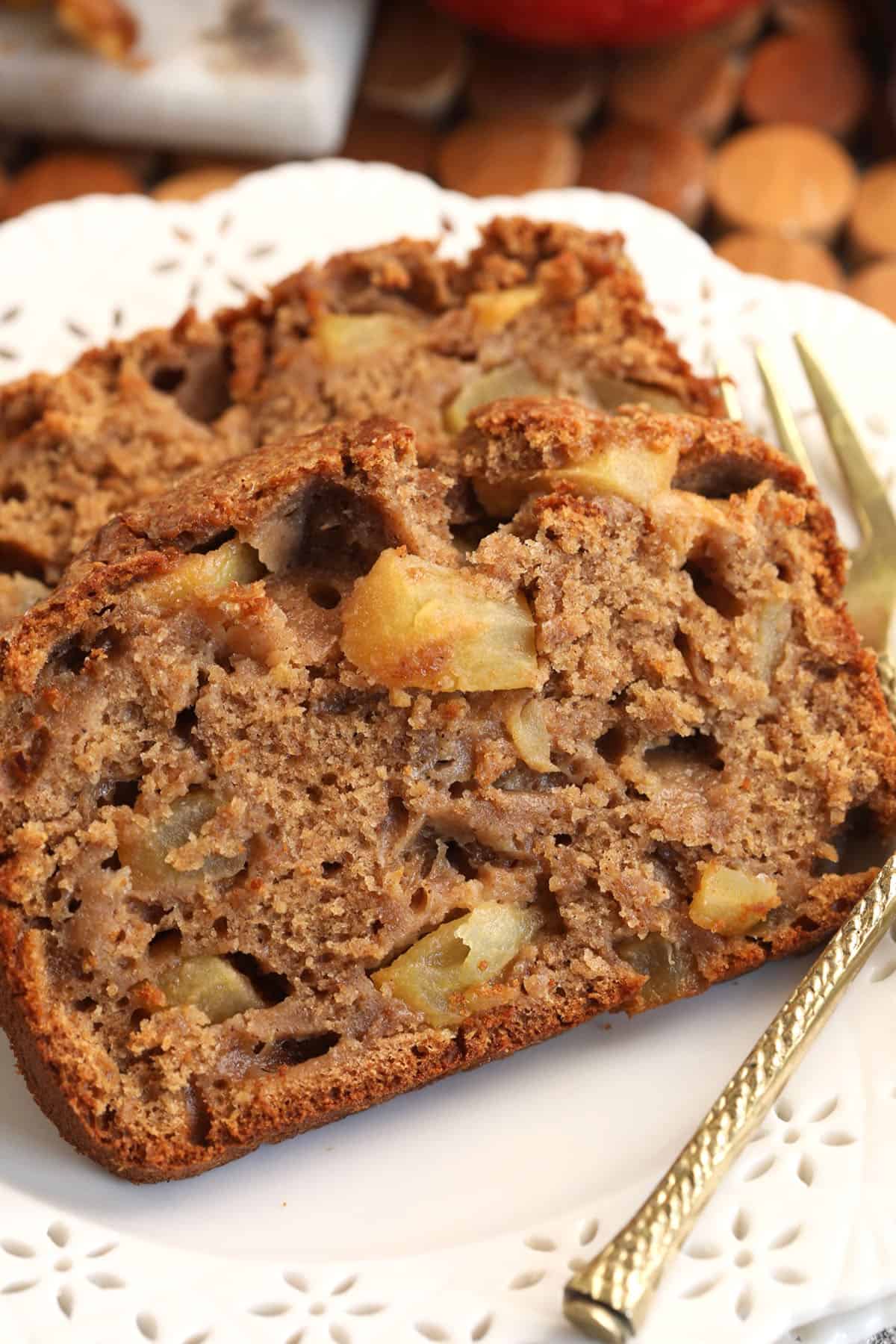 Slices of moist cinnamon apple bread on plate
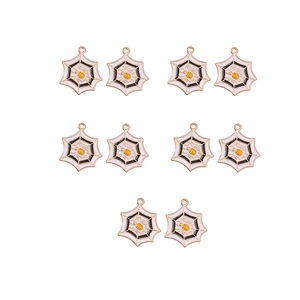 Close-up of ten enamel spider web charms with yellow bees for DIY jewelry making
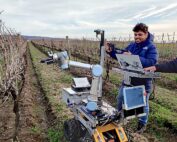 Carnegie Mellon University graduate students Nomaan, left, and Sparsh Garg operate a pruning robot at a Cornell University research vineyard in Portland, New York. Nomaan is teleoperating the small robotic arm that is guiding the movements of the large robotic pruning arm. The researchers are gathering demonstration data to train robots to prune vines more like humans do. (Courtesy Carnegie Mellon University)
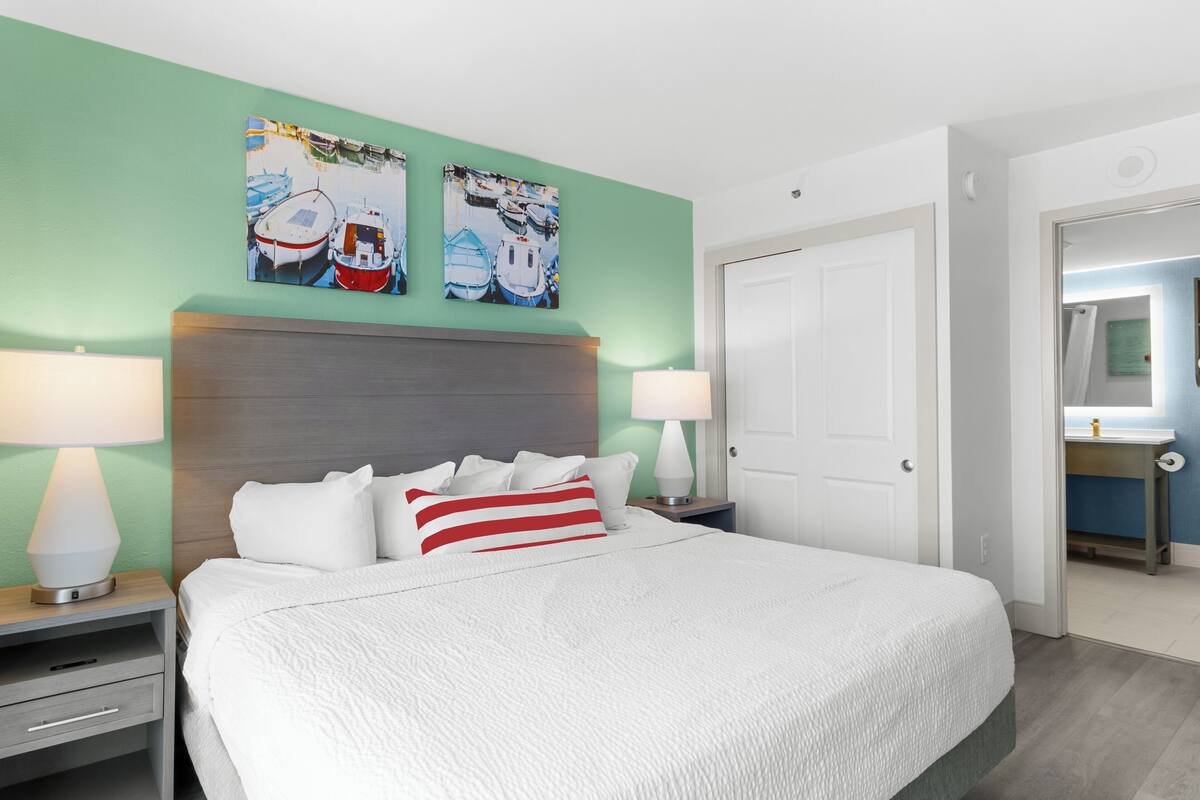 A hotel room with a large bed, two bedside tables with lamps, a headboard, and two wall-mounted artworks depicting boats.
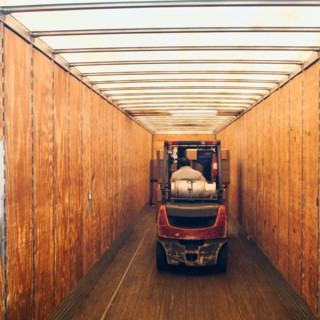 Forklift truck inside trailer.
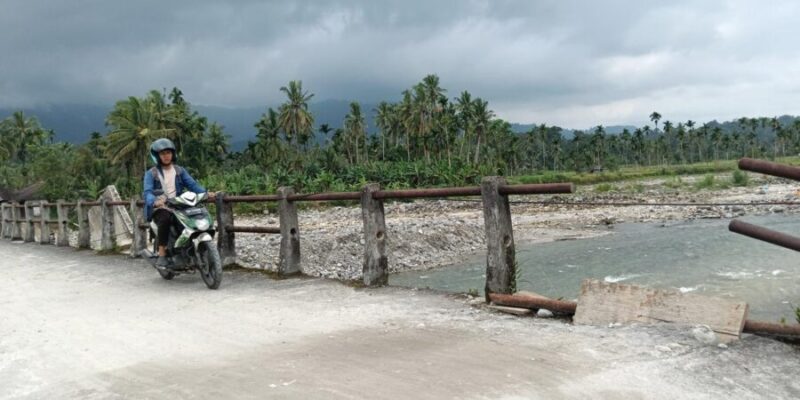 Seorang warga melintasi jembatan darurat di Nagari Anduriang, Kecamatan 2x11 Kayu Tanam, Kabupaten Padang Pariaman, Sumatera Barat
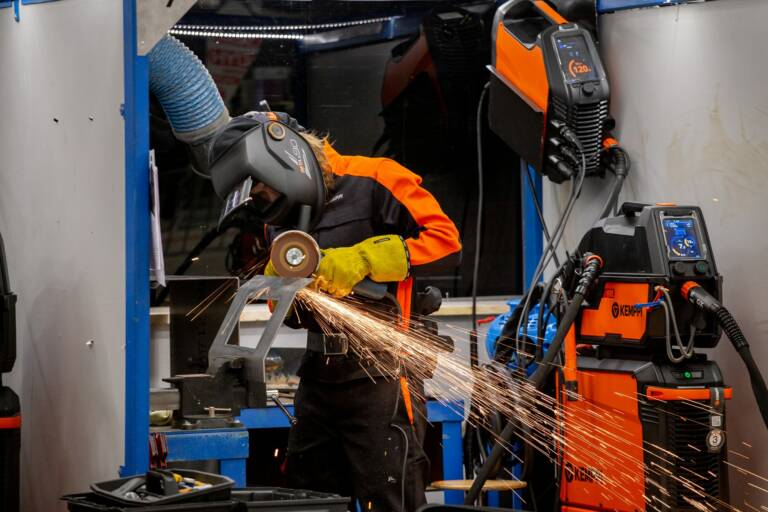 Hitsausta Taitaja2022-kilpailussa. Kuvassa näkyy yksi henkilö hitsaamassa sekä kipinöitä.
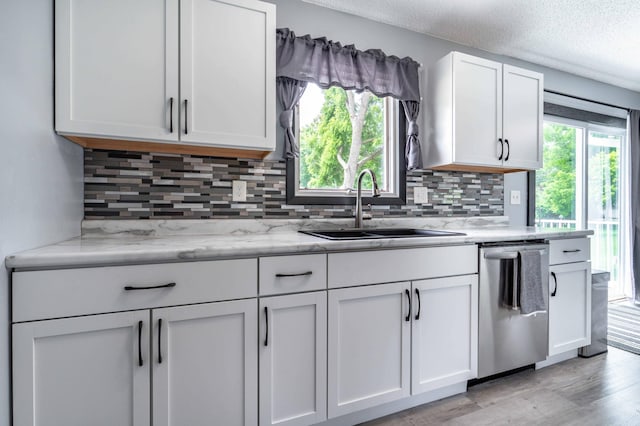 516 Gustavus Ave, Fergus Falls, MN 56537 - kitchen with dishwasher, backsplash, white cabinets, light wood finished floors, and a textured ceiling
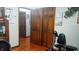 Spacious hallway featuring hardwood floors, doors and a fitness bike at 3422 Sycamore Dr, Columbus, IN 47203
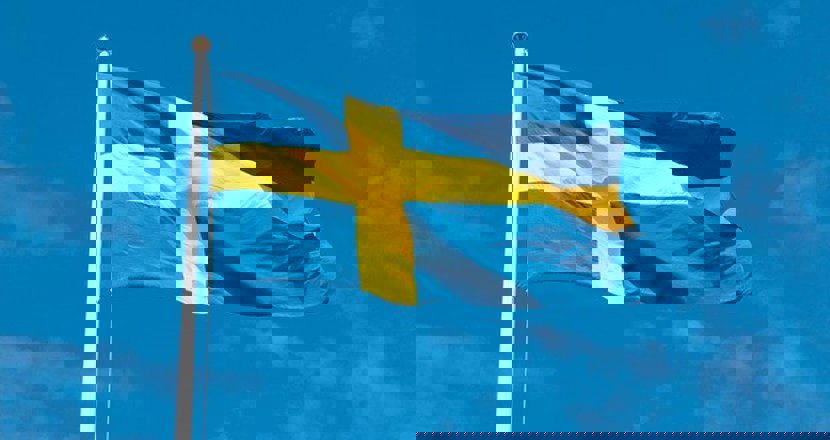Foto på en svensk flagga, som fladdrar i vinden, med en blå himmel som bakgrund.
§ §
■ Work request
In the answer, give only the lines from the top of the data above through the line with "Close-up of ten", reproduced exactly; no picture may appear.

■ Exercise answer
 Slices of moist cinnamon apple bread on plate
 Close-up of ten enamel spider web charms with yellow bees for DIY jewelry making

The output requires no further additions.